[EXTRACTED RECORDS — start]

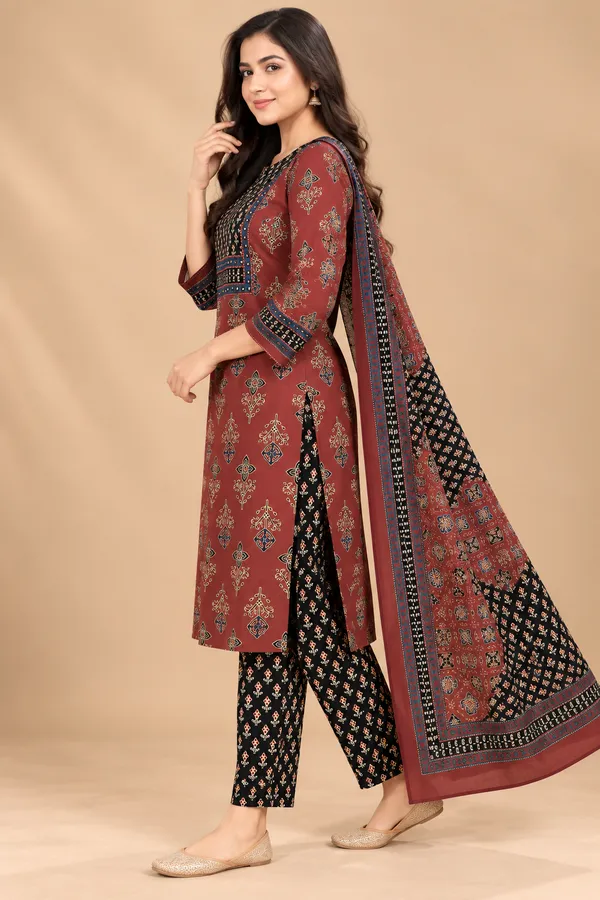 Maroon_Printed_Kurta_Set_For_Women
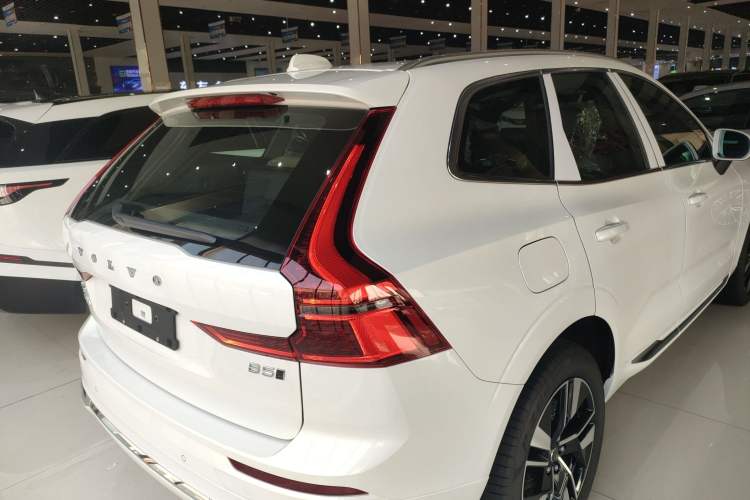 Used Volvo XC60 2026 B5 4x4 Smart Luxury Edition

[EXTRACTED RECORDS — finish]
[EXTRACTED RECORDS — start]

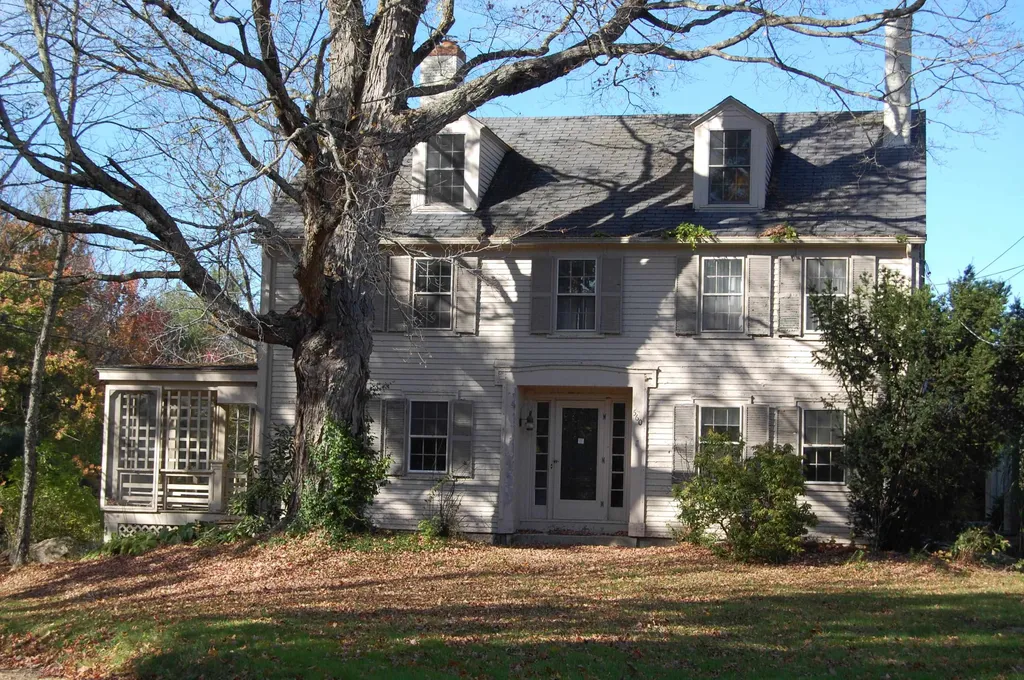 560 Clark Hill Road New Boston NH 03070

[EXTRACTED RECORDS — finish]

◆ **WHAT YOU NEED TO DO**
Your task is to copy only the lines above starting at the one containing "Maroon_Printed_Kurta_Set_For_Women" and ending at the one containing "Used Volvo XC60". Copy them exactly, both ends included, and omit the pictures.

◆ **SOLUTION**
 Maroon_Printed_Kurta_Set_For_Women
 Used Volvo XC60 2026 B5 4x4 Smart Luxury Edition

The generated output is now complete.